A recent fine imposed by the Information Commissioner on Scottish Borders Council demonstrates that employees can be liable for breach of data protection legislation by their contractors.
All employers handling data about employees must comply with the Data Protection Act 1998 (the Act) and in particular, the eight data protection principles set out in that legislation.
However, this obligation does not just apply directly to an employer but extends to all service providers who may be handling employees' personal data on behalf of that employer; for example, scanning and waste disposal companies.
Employers are highly likely to handle employees' "sensitive personal data", as defined under the Act, in the running of their day-to-day business. Sensitive personal data includes health records and marital status so will be particularly relevant in the context of pension administration.

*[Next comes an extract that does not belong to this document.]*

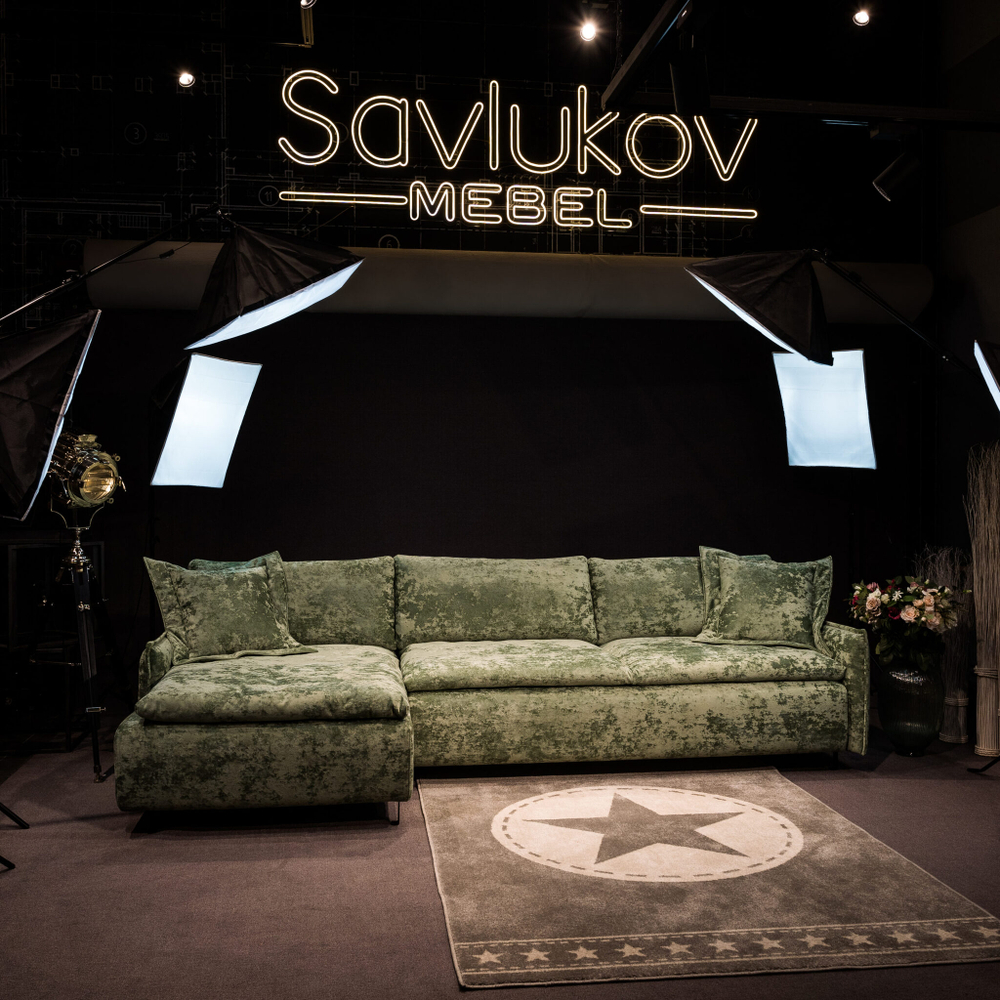 Диван Угловой Next SAVLUKOV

Employers cannot abdicate their responsibilities and must be satisfied that their service providers are compliant with the requirements of the Act. This is borne out by a recent case in which the Scottish Borders Council was fined £250,000 by the Information Commissioner. In this case, 670 pension files were found by a member of the public in a supermarket recycling bin. The Council, in their capacity as employer and data controller, were held liable for the files being destroyed in a non-secure nature by their outsourced service provider who were responsible for scanning employee's pension files.
The Council had made several errors under the Data Protection legislation:
- no agreement in writing with the outsourced service provider
- had not checked the arrangements for handling sensitive personal data in the pension files
- failed to ensure that the scanned pension files were disposed of securely.
When it comes to Data Protection, employers are liable to pay the price for the failings of their outsourced service providers. It is therefore essential employers have streamlined and compliant arrangements in place to try to avoid incurring substantial fines due to the short comings of their outsourced service providers.
As a minimum there should be a written agreement between their data controller and their data processor, which should contain warranties regarding compliance with the data protection principles and an indemnity for any breach of the Act to encourage best practice.